THE TASK:
The data below is to be transcribed word for word; pictures are to be excluded.

··· SUPPLIED DATA ···

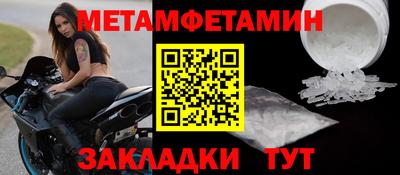 трава Лесосибирск
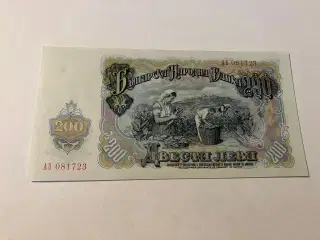 200 Leva 1951 Bulgaria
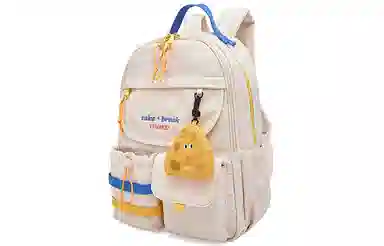 音魅 芝士奶油新款大容量日韩初高中学生上课 牛津纺 旅行包书包背包双肩包 大号 女款 白色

···

RESULT FOR THIS TASK:
 трава Лесосибирск
 200 Leva 1951 Bulgaria
 音魅 芝士奶油新款大容量日韩初高中学生上课 牛津纺 旅行包书包背包双肩包 大号 女款 白色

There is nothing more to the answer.